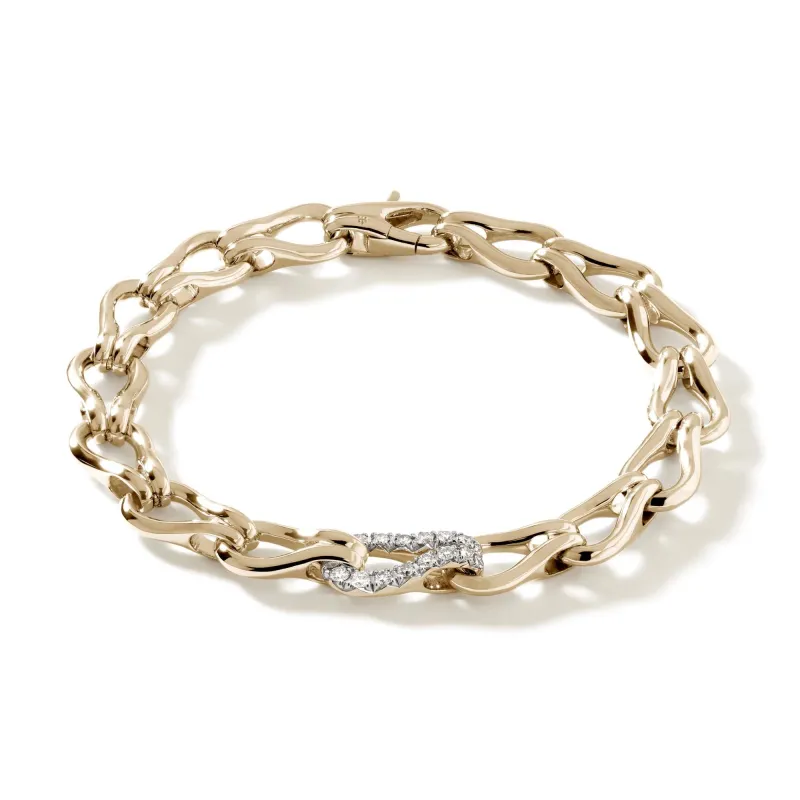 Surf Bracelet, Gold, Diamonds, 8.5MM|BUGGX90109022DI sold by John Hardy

******

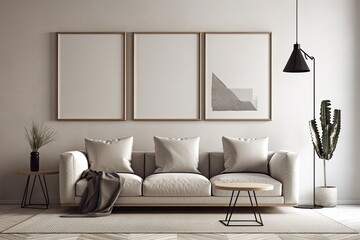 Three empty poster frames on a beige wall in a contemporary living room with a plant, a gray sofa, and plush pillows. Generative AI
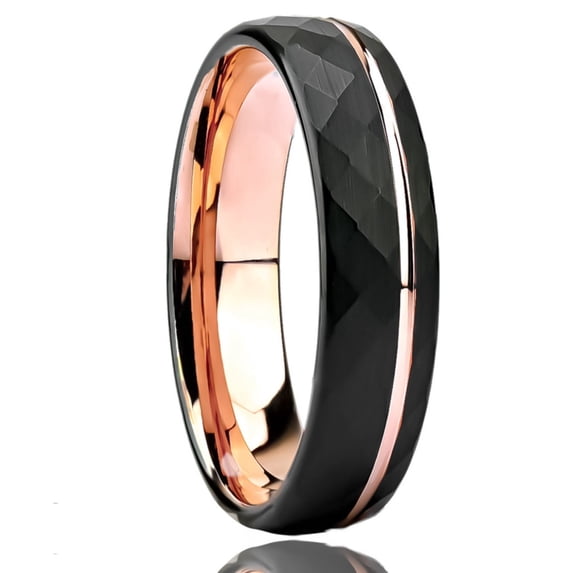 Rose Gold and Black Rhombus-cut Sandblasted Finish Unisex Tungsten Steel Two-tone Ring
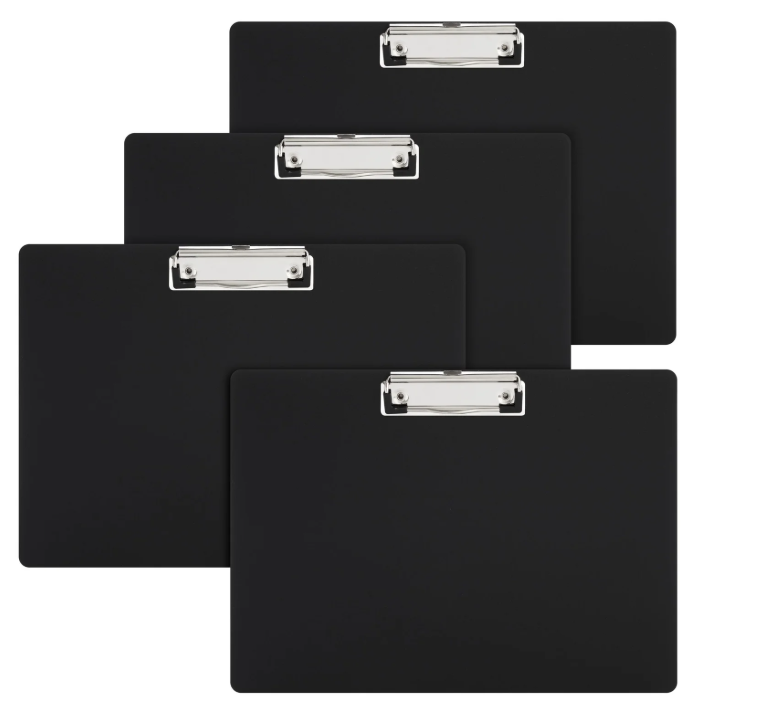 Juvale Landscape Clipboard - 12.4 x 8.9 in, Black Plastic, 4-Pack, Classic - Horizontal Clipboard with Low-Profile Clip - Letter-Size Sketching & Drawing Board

******

In the entries above, find the line containing "Three empty poster" and the line containing "Rose Gold and"; give again exactly those two lines and every line between them, minus the pictures.

» WRITTEN RESPONSE
 Three empty poster frames on a beige wall in a contemporary living room with a plant, a gray sofa, and plush pillows. Generative AI
 Rose Gold and Black Rhombus-cut Sandblasted Finish Unisex Tungsten Steel Two-tone Ring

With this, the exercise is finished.